Williams’ apparent conflict of interest was first reported by the Center for Public Integrity in November and led to a formal complaint being filed by the Campaign Legal Center, a Washington, D.C. legal watchdog.
In a brief press release, the House Ethics Committee announced Monday that it had “decided to extend the matter regarding” Williams, which was “transmitted to the committee by the Office of Congressional Ethics on May 13, 2016.”
The Office of Congressional Ethics is a nonpartisan organization that vets complaints against members. The press release revealed for the first time publicly that the claims of misconduct leveled against Williams were under review by the House Ethics Committee.
The committee will announce its “course of action” on or before Aug. 11.
The amendment was proposed as part of a broader transportation bill. Offered just before midnight on Nov. 11, 2015, it would have allowed automobile dealers to rent or loan out vehicles even if they were subject to safety recalls. Rental car companies, meanwhile, wouldn’t get the same treatment. The measure passed the House of Representatives but after the Center wrote about it, the Williams proposal died in the conference process between the House and the Senate.
In the complaint, the Campaign Legal Center asked for a review and also recommended changes to clarify House rules concerning recusal and conflicts of interest by members.
The House Code of Conduct generally prohibits a member from taking an official action that may benefit his or her financial interest. Officially, a member cannot receive compensation where “the receipt of which would occur by virtue of influence improperly exerted from the position of such individual in Congress.”
The House Ethics Manual states that “whenever a Member is considering taking any such action on a matter that may affect his or her personal financial interests,” he or she should contact the House Ethics Committee for guidance.
It’s not clear whether Williams sought such guidance. Vince Zito, Williams’ spokesman, did not return a call seeking comment nor did he respond to an email asking whether Williams sought such a review.
The rental car provision in the legislation, which was also in the Senate version, was spurred by the deaths of Raechel and Jacqueline Houck, ages 24 and 20. The two sisters were killed in 2004 while driving a rented, recalled vehicle that caught fire and crashed head-on into a semi, according to consumer groups that have backed the rental car proposal.

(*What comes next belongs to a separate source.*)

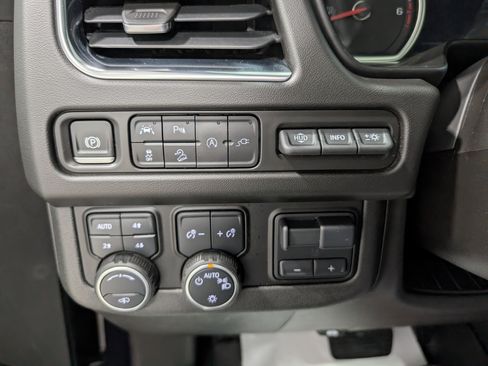 Used 2021 Chevrolet Suburban High Country AWD/4WD image 24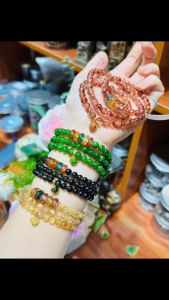 vòng tay nữ dáng chuỗi diopside tự nhiên vip mix charm trái tim diop bọc vàng tây và đồng điếu thạch anh tóc tam tai vip vòng tay đá phong thuỷ hợp mệnh mộc mệnh hoả trang sức thiết kế đủ hoá đơn thẻ bảo hành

Williams’ amendment would have made the act apply only to companies whose “primary” business is renting cars, which would effectively exclude dealerships. No such provision existed in the Senate bill.
Williams is chairman of Chrysler Dodge Jeep RAM SRT in Weatherford. In his remarks on the House floor, Williams said the bill was bad for small businesses.
“Vehicles would be grounded for weeks or months for such minor compliance matters as an airbag warning sticker that might peel off the sun visor or an incorrect phone number printed in the owner’s manual,” he said.
Democratic Rep. Lois Capps of California didn’t agree with that reasoning, however.
“This is ridiculous. NHTSA (National Highway and Traffic Safety Administration) does not issue frivolous recalls,” she said. “All safety recalls pose serious safety risks and should be fixed as soon as possible.”